On Mon, Feb 08, 2021 at 08:04:27PM +0100, Rafael J. Wysocki wrote:
> Hi Peter & Paul,
>
> The traces below are present in the boot dmesg log on my Dell XPS13 9360.
>
> I haven't had the time to look into this in detail yet, but here it goes in
> case you know what's going on already.
>
> Cheers!
>
>
> [ 86.762542] IPv6: ADDRCONF(NETDEV_CHANGE): wlan0: link becomes ready
>
> [ 86.764298] =============================
> [ 86.764300] WARNING: suspicious RCU usage
> [ 86.764302] 5.11.0-rc7+ #1812 Tainted: G I
> [ 86.764305] -----------------------------
> [ 86.764307] /scratch/rafael/work/linux-pm/include/linux/rhashtable.h:594 suspicious rcu_dereference_check() usage!
> [ 86.764309]
> other info that might help us debug this:
>
> [ 86.764311]
> rcu_scheduler_active = 2, debug_locks = 1
> [ 86.764313] no locks held by swapper/1/0.
> [ 86.764316]
> stack backtrace:
> [ 86.764318] CPU: 1 PID: 0 Comm: swapper/1 Tainted: G I 5.11.0-rc7+ #1812
> [ 86.764321] Hardware name: Dell Inc. XPS 13 9360/, BIOS 1.3.5 05/08/2017
> [ 86.764323] Call Trace:
> [ 86.764325] <IRQ>
> [ 86.764328] dump_stack+0x77/0x97
> [ 86.764336] ieee80211_find_sta_by_ifaddr+0x218/0x2e0 [mac80211]

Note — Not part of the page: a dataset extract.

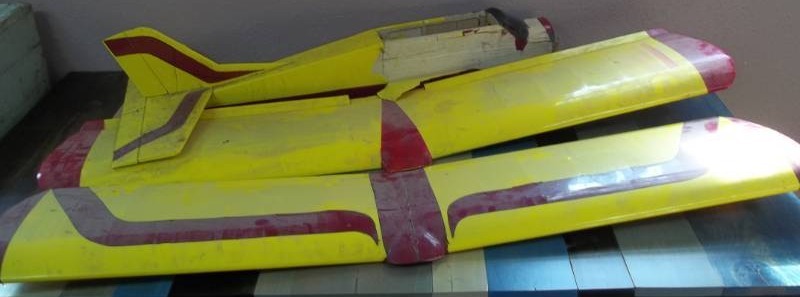 lot 160 image: Large Model Airplane Body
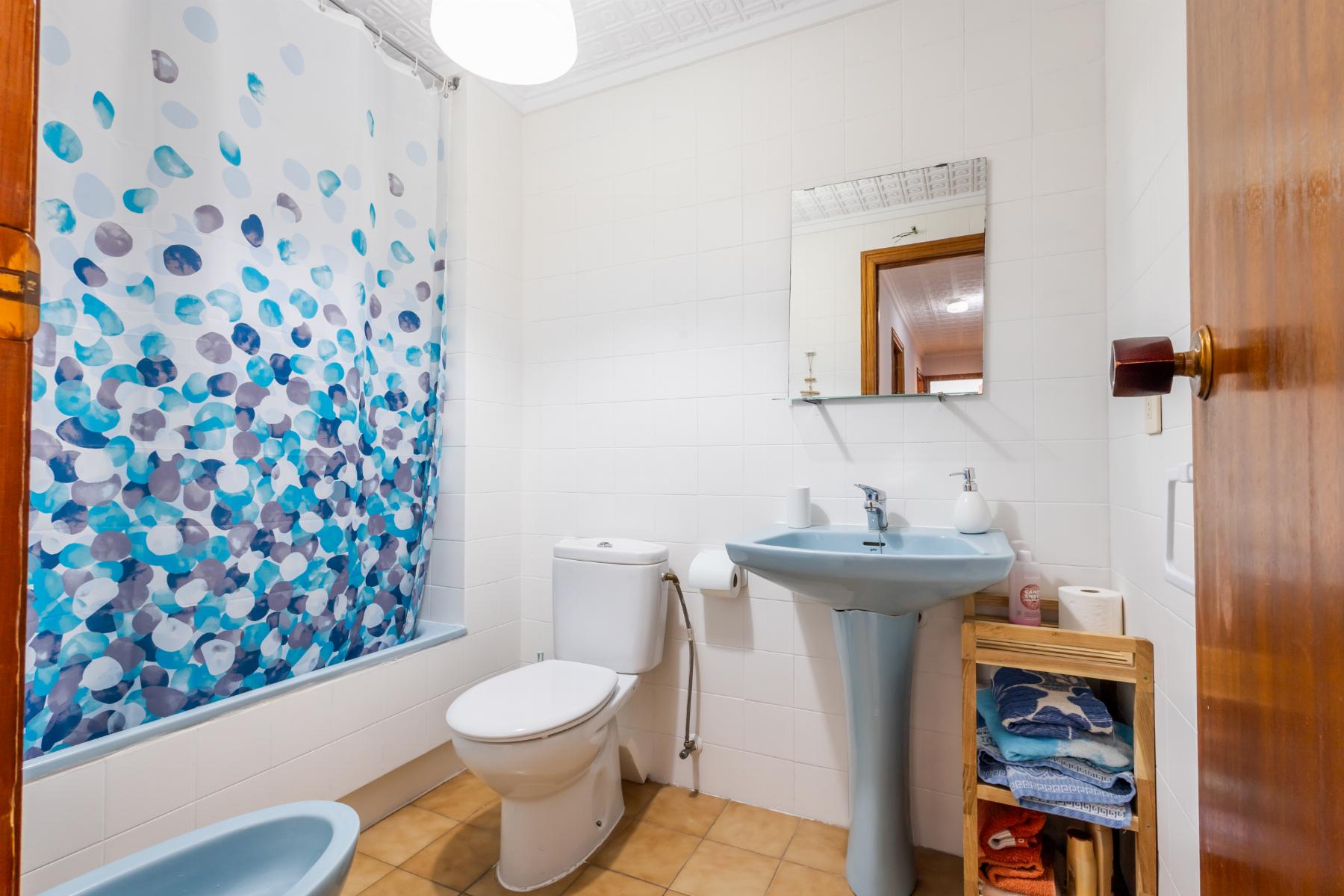 3 Bed, 2 Bath, ApartmentFor Sale, Torrevieja, Alicante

> [ 86.764380] ? ath10k_wmi_tlv_op_pull_mgmt_tx_bundle_compl_ev+0xe0/0xe0 [ath10k_core]
> [ 86.764399] ath10k_wmi_tlv_parse_peer_stats_info+0x2a/0x70 [ath10k_core]
> [ 86.764411] ath10k_wmi_tlv_iter+0x56/0xd0 [ath10k_core]
> [ 86.764424] ath10k_wmi_tlv_op_rx+0x75a/0xa30 [ath10k_core]
> [ 86.764438] ath10k_htc_rx_completion_handler+0xe8/0x120 [ath10k_core]
> [ 86.764452] ? ath10k_htc_process_trailer+0x290/0x290 [ath10k_core]
> [ 86.764462] ath10k_pci_process_rx_cb+0x117/0x180 [ath10k_pci]
> [ 86.764472] ? ath10k_ce_per_engine_service+0x4c/0x80 [ath10k_core]
> [ 86.764490] ? _raw_spin_unlock_irqrestore+0x47/0x60
> [ 86.764504] ath10k_ce_per_engine_service+0x5d/0x80 [ath10k_core]
> [ 86.764524] ath10k_ce_per_engine_service_any+0x6a/0xa0 [ath10k_core]
> [ 86.764543] ath10k_pci_napi_poll+0x44/0x110 [ath10k_pci]
> [ 86.764552] net_rx_action+0x15d/0x4e0
> [ 86.764570] __do_softirq+0xeb/0x492
> [ 86.764583] ? handle_fasteoi_irq+0x150/0x150
> [ 86.764591] asm_call_irq_on_stack+0x12/0x20
> [ 86.764598] </IRQ>
> [ 86.764602] do_softirq_own_stack+0x81/0xa0
> [ 86.764609] irq_exit_rcu+0xcd/0xe0
> [ 86.764614] common_interrupt+0xfe/0x230
> [ 86.764623] asm_common_interrupt+0x1e/0x40
> [ 86.764626] RIP: 0010:cpuidle_enter_state+0x109/0x4a0
> [ 86.764631] Code: 02 00 00 31 ff e8 b7 40 8e ff 45 84 ff 74 12 9c 58 f6 c4 02 0f 85 10 03 00 00 31 ff e8 70 42 96 ff e8 bb a2 9d ff fb 45 85 f6 <0f> 88 12 01 00 00 49 63 d6 4c 2b 24 24 48 8d 04 52 48 8d 04 82 49
> [ 86.764634] RSP: 0018:ffffc900000e3e80 EFLAGS: 00000202
> [ 86.764638] RAX: 00000000000e8d89 RBX: 0000000000000002 RCX: 0000000000000000
> [ 86.764641] RDX: 0000000000000000 RSI: ffffffff82392561 RDI: ffffffff82344126
> [ 86.764643] RBP: ffffe8ffffc93300 R08: 0000000000000001 R09: 0000000000000001
> [ 86.764645] R10: ffffc900000e3e60 R11: 0000000000000002 R12: 00000014338d5797
> [ 86.764647] R13: ffffffff827e6d60 R14: 0000000000000002 R15: 0000000000000000
> [ 86.764667] cpuidle_enter+0x29/0x40
> [ 86.764672] do_idle+0x22d/0x2b0
> [ 86.764682] cpu_startup_entry+0x19/0x20
> [ 86.764686] start_secondary+0x125/0x160
> [ 86.764691] secondary_startup_64_no_verify+0xb0/0xbb
>

AFAICT that's a simple 'use RCU without holding rcu_read_lock' warning.
I've not dug through ath10k to see who should be doing rcu_read_lock,
but the few places I did look at don't seem to have changed recently.